Up until a few years ago, the company I work for still had an old Unix 386 that was our enterprise fax server. After working there for 4 years I finally signed on to it because of Y2k. Never signed on to it again until it was decommissioned in about 2005. It just ran. Why replace it with the newest GUI sporting Windows?
I get tired of the polarized rants on both sides saying their point of view is correct. Everyone should stay with XP, everyone should go to Vista. Anyone that goes to Vista is only asking for trouble just to get the latest bling. Anyone staying with XP is an old fuddy-duddy afraid of their own shadow.
I stay on a version of the operating system as long as it does the job I need it to do. (The 4 billion dollar company I work for is still on XP) And I wait until all the software I have will work on the new operating system. Sometimes I move a little sooner, but keep the old machine for an application or two. I still have my 486 DX2-66 with Windows 95 because it will run my only copy of Autocad.
It was about 3 years after XP came out before it was really ready to be used. Vista seems to already be there in much less time. From what I am hearing, there was much less change to go to Windows 7, and it could be in good shape even faster. At the rate things are going, I may skip Vista and go straight to 7 in a year or two (I skipped 98). Then again, the Unbunto box I have is looking better and better.

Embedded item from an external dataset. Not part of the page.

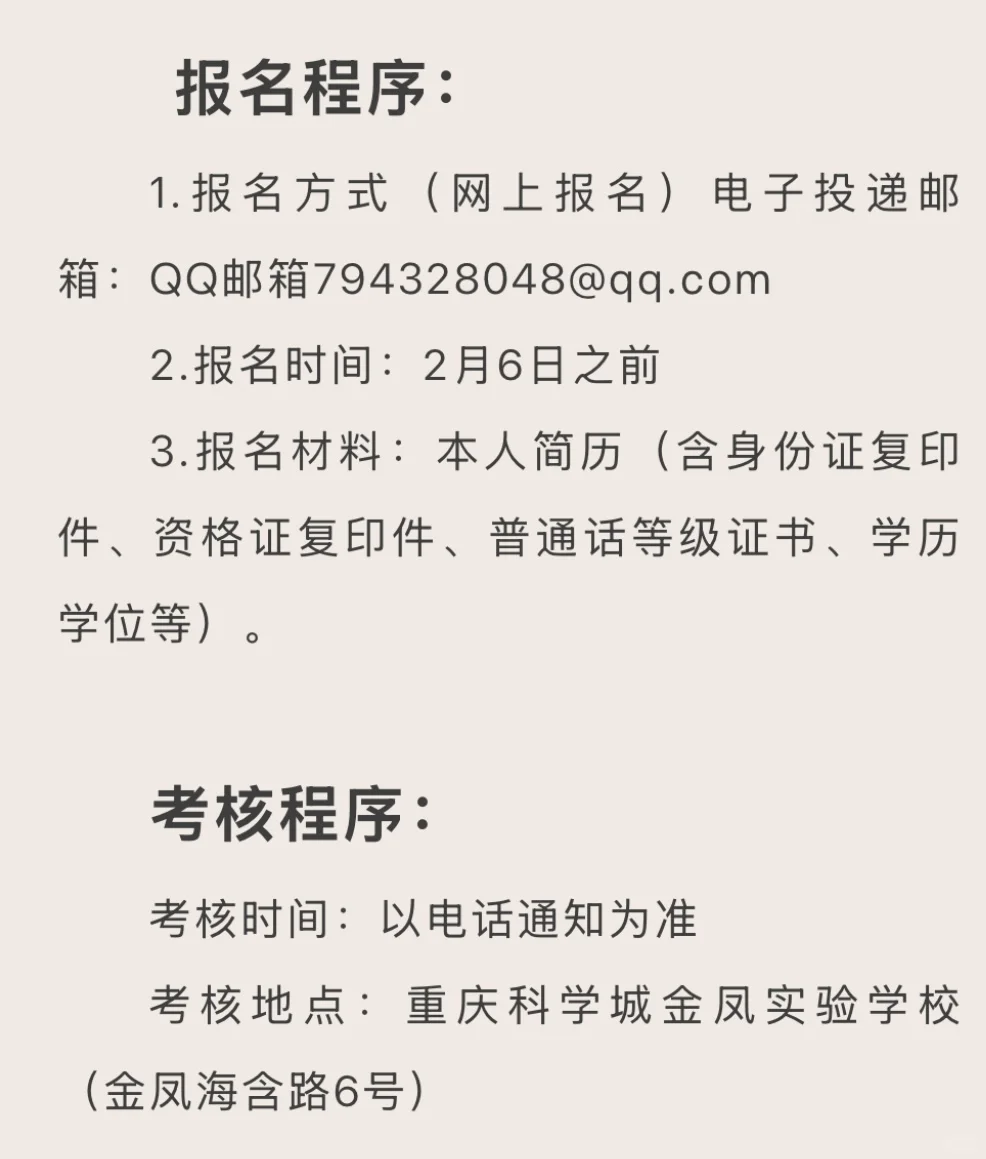 【招聘】重庆科学城金凤实验学校教师招聘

For the zealots always pushing *nix machines, including Unbunto, they are still not to the point where the average user will be able to get it up and running. It's getting really close, though. I have an Unbunto machine and I love it. But, not only does it take a little more effort to get and load software for it, there are less people that can help me, so I'm more on my own. I'm fine with that, but some people would not be. I think it would be a little irresponsible for me to recommend Linux to someone who knows nothing at all about computers
. However, when I find someone I DO think is a good candidate, I push it hard. I think it may well be the future.
Get the technology you need to do the job you need done. Don't let anyone push you into getting something just because they say it's the right thing to do. Don't let the bells and whistles seduce you.